On this island there are 100 blue-eyed people, 100 brown-eyed people, and the Guru (who has green eyes). So any given blue-eyed person can see 100 people with brown eyes and 99 people with blue eyes (and 1 with green), but that does not tell him his own eye color; as far as he knows the totals could be 101 brown and 99 blue. Or 100 brown, 99 blue, and he could have red eyes.
The Guru is allowed to utter one sentence over all their endless years on the island. Standing before the islanders on one given day, she says:
"I can see someone who has blue eyes."
Who leaves the island, and on what night?
There are no mirrors or reflecting surfaces. It is not a trick question, and the answer is logical. It doesn't depend on tricky wording or anyone lying or guessing, and it doesn't involve people doing something silly like creating a sign language. The Guru is not making eye contact with anyone in particular. She's simply saying "I see at least one blue-eyed person on this island who isn't me."

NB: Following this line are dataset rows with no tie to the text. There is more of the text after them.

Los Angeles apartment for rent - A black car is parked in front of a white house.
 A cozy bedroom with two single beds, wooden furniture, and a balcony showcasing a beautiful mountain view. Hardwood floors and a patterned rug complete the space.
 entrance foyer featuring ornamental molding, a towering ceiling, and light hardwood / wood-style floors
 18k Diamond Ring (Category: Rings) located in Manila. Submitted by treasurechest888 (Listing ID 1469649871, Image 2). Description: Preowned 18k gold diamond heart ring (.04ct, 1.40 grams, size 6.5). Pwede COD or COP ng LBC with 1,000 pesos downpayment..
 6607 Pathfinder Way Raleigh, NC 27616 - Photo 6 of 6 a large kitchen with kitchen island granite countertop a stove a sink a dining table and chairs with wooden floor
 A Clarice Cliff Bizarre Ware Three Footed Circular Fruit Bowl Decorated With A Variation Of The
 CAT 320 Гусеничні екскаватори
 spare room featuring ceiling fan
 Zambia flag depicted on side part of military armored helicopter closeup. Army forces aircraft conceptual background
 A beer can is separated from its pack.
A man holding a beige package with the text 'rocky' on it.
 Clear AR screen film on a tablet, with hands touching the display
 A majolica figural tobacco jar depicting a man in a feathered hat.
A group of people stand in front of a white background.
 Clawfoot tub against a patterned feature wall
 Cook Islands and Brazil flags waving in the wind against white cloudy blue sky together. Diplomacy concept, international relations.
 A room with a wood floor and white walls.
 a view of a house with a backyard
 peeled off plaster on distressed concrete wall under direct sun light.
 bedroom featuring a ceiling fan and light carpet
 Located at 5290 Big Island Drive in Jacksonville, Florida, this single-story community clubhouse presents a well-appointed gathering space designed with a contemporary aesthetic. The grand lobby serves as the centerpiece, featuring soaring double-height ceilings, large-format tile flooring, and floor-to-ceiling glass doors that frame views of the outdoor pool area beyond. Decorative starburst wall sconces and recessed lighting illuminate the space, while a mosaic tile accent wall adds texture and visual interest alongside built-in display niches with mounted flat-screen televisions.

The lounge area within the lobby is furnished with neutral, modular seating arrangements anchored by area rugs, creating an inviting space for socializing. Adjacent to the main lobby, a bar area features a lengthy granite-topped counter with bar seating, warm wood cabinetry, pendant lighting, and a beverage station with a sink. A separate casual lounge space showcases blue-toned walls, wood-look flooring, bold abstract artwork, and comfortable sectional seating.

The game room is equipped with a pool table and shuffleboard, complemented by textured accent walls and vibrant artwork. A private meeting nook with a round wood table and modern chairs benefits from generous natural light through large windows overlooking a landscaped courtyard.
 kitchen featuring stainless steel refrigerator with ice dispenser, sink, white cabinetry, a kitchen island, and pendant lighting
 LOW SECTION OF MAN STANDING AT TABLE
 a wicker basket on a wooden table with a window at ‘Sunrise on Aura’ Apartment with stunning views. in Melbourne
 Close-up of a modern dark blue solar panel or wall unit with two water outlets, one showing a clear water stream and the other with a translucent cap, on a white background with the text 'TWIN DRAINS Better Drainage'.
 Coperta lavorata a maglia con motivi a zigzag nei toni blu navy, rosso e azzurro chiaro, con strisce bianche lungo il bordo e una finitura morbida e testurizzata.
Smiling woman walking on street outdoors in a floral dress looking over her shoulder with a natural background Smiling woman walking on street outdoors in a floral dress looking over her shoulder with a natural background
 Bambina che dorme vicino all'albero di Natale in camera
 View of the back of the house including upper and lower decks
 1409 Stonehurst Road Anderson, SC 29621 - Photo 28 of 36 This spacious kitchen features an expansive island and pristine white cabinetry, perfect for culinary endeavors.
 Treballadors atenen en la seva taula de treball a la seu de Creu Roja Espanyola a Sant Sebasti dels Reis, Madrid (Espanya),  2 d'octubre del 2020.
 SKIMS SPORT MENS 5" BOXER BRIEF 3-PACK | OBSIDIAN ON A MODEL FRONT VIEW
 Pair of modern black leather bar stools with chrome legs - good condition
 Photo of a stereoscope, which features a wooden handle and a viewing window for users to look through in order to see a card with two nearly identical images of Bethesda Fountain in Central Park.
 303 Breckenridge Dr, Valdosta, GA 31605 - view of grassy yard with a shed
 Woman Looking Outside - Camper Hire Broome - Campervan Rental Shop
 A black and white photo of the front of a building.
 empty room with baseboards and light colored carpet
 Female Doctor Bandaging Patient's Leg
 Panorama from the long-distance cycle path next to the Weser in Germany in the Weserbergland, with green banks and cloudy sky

Yes. But I don't feel like explaining why (just write out all possible endings and use common sense. If that does not work, the solution is on the wiki page for the monty hall paradox.).
lol, I guess I'll give you *partial credit* for that answer
As for your problem, I suspect that all the blue eyed people will leave the island on the 100th night.
If you grind it out, in the simple case where there's one blue eye, one brown eye, and the guru, the blue eye leaves the first night. If there are two blue eye, two brown eye, and the guru, the blue eyes leave the second night. If there's three blues, three browns, and a guru, the blues leave the third night. And so on and so on.
I'm too lazy to write the inductive proof, but...ya, I'd bet bet my wiener on it.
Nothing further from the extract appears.